OverlapSplit <- function(x, nsplits = 1, overlap = 0) {
stopifnot(require(lattice))
N <- seq_len(nr <- nrow(x))
interv <- co.intervals(N, nsplits, overlap / nr)
out <- vector(mode = "list", length = nrow(interv))
for(i in seq_along(out)) {
out[[i]] <- x[interv[i,1] < N & N < interv[i,2], , drop = FALSE]
}
out
}
Which gives:
> OverlapSplit(DF, 2, 2)
[[1]]
x y
1 1 a
2 2 b
3 3 c
4 4 d
5 5 e
6 6 a
[[2]]
x y
5 5 e
6 6 a
7 7 b
8 8 c
9 9 d
10 10 e
> OverlapSplit(DF)
[[1]]
x y
1 1 a
2 2 b
3 3 c
4 4 d
5 5 e
6 6 a
7 7 b
8 8 c
9 9 d
10 10 e
> OverlapSplit(DF, 4, 1)
[[1]]
x y
1 1 a
2 2 b
3 3 c
[[2]]
x y
3 3 c
4 4 d
5 5 e
[[3]]
x y
6 6 a
7 7 b
8 8 c
[[4]]
x y
8 8 c
9 9 d
10 10 e
Just to make it clear what I'm doing here:
#Load Libraries
library(PerformanceAnalytics)
library(quantmod)
#Function to Split Data Frame
OverlapSplit <- function(x,nsplit=1,overlap=0){
nrows <- NROW(x)
nperdf <- ceiling( (nrows + overlap*nsplit) / (nsplit+1) )

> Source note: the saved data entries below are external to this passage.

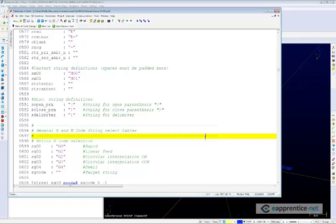Signing up for the class doesn't mean I'm going to write a post processor for you. It means I'm going to try and teach you how to do your own post modification so you can do it yourself — or so your programmer can learn how to do it and serve your company's needs as you get new machines and new controls in your shop.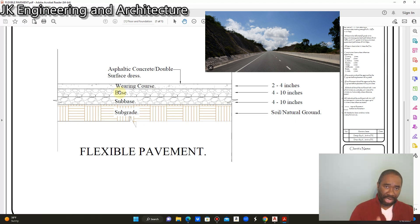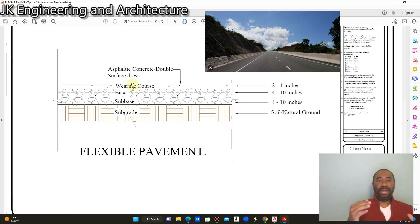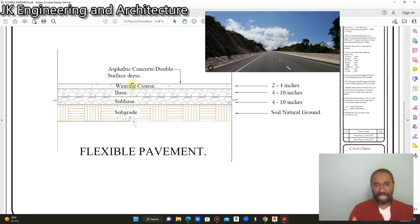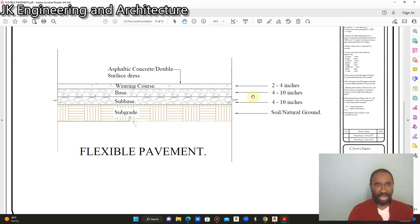Then we have the wearing course, which provides a smooth surface for the pavement. The wearing course is usually made up of high quality material — it can be bituminous material or asphaltic concrete. The sub-base thickness ranges from 4 to 10 inches, the same as the base, and the wearing course ranges from 2 to 4 inches. That is pretty much the layer system for flexible pavement in a nutshell.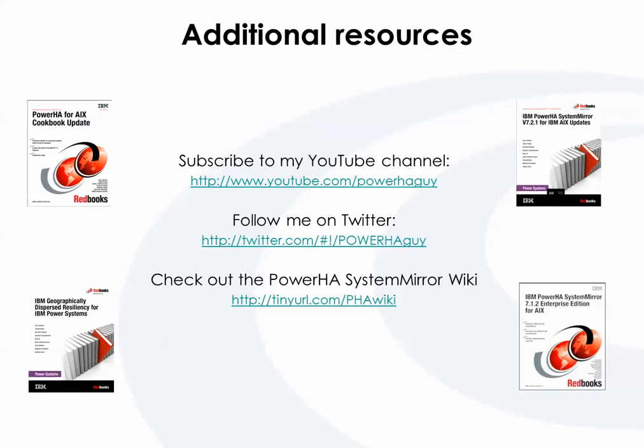And again, real quick, here are some resources. You're probably watching this on my YouTube channel already. Follow me on Twitter, PowerHAGuy, and for Power HA-related information, check out the wiki. So, let me switch over to my demo environment and we'll get started.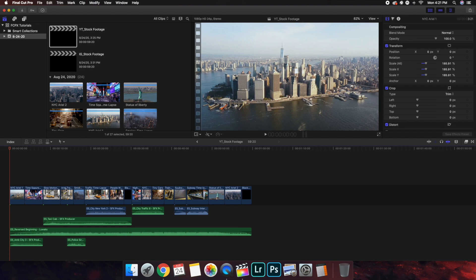Go to Storyblocks, pick the appropriate plan, create an account, and download it. It depends on what resolution, frame rate, and codec — it all depends on you, and you choose the one appropriate for your video. Basically, stock footage is clips that I did not shoot — somebody else shot that clip and uploaded it to Storyblocks. As long as you have a subscription and a plan, you can use that footage.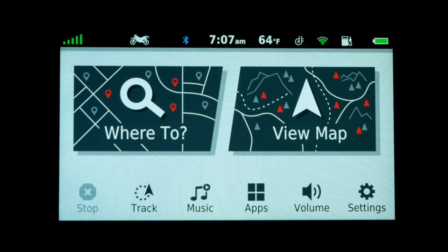Today I'm going to give you a quick tutorial on how to create a trip or a route using the Trip Planner app on the Garmin Zumo XT.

start <- seq(1, nsplit*(nperdf-overlap)+1, by= nperdf-overlap )
if( start[nsplit+1] + nperdf != nrows )
warning("Returning an incomplete dataframe.")

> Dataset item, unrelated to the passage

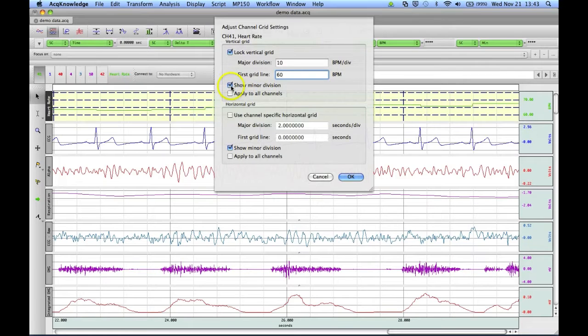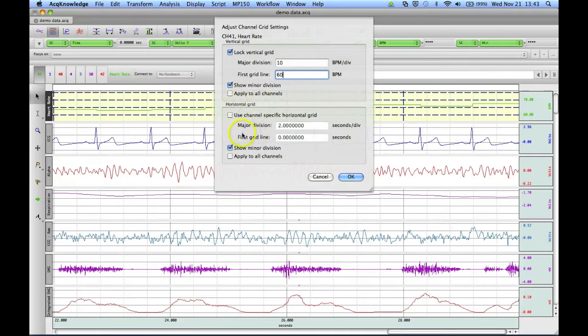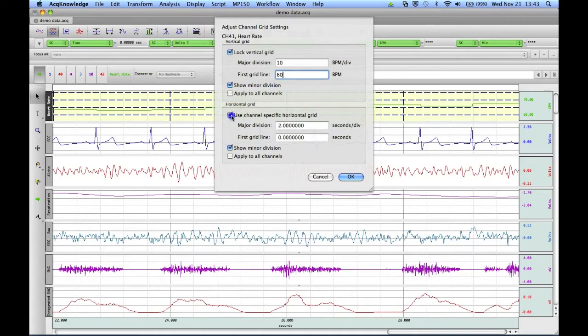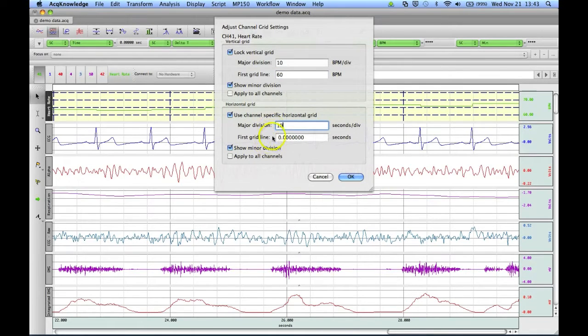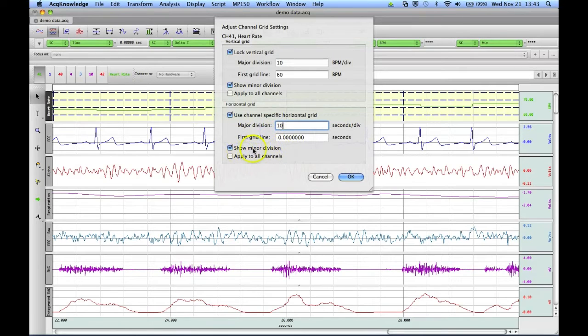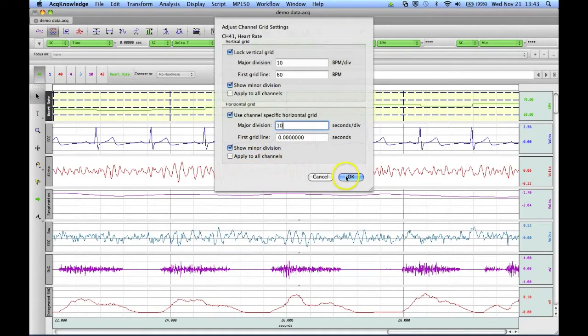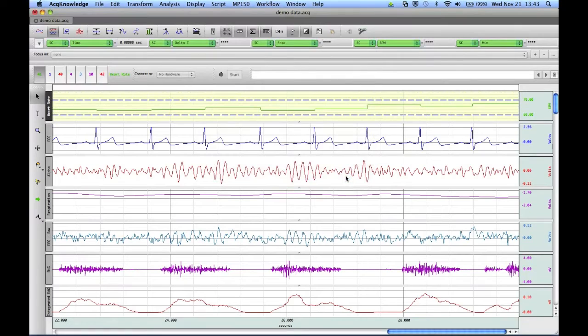We can choose to show or not show our minor divisions. And for the horizontal, we can also do a channel-specific grid. And let's say we want to do every 10 seconds per division, first grid line at 0. And again, I'll choose to show our minor, and I'll click on OK.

lapply(start, function(i) x[c(i:(i+nperdf-1)),])
}
#Function to run regression on 30 days to predict the next day
FL <- as.formula(Next(HAM1)~HAM1+HAM2+HAM3+HAM4)

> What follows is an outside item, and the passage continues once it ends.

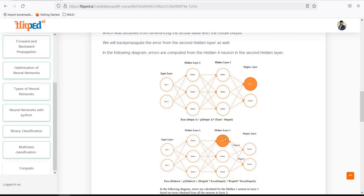For example, if the desired value is 1 but the forward propagation output is 0.6, the error is 0.4, or 40%. This 40% error will be multiplied with the weight, and the calculation will try to update the weights so that the error decreases from 40% to 20%, or 40% to 10%, and so on. This is the whole idea of backward propagation — update the weights using the error.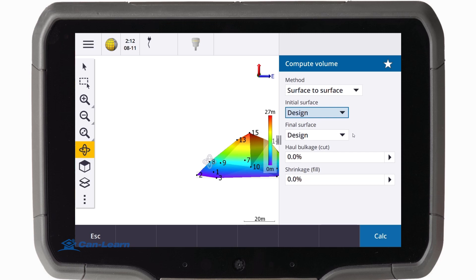If required, enter the Haul Bulkage or Shrinkage Factor as a percentage. We can also leave these values at zero. A Haul Bulkage Factor takes into account the expansion of the material as it's dug; the adjusted cut volume is the cut volume with the expansion factor applied. A Shrinkage Factor takes into account material compaction; the adjusted fill volume is the fill volume with the shrinkage factor applied to it.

MyRegression <- function(df,FL) {
df <- as.data.frame(df)
model <- lm(FL,data=df[1:30,])
predict(model,newdata=df[31,])
}
#Function to roll the regression
RollMyRegression <- function(data,ModelFUN,FL) {
rollapply(data, width=31,FUN=ModelFUN,FL,
by.column = FALSE, align = "right", na.pad = FALSE)
}
#Load Data
data(managers)
#Split Dataset
split.data <- OverlapSplit(managers,2,30)
sapply(split.data,dim)
#Run rolling regression on each split
output <- lapply(split.data,RollMyRegression,MyRegression,FL)
output
unlist(output)
In this manner, you can replace lapply at the end with a parallel version of lapply and increase your speed somewhat.
Of course, now there's the issue of optimizing the split/overlap, given you number of processors and the size of your dataset.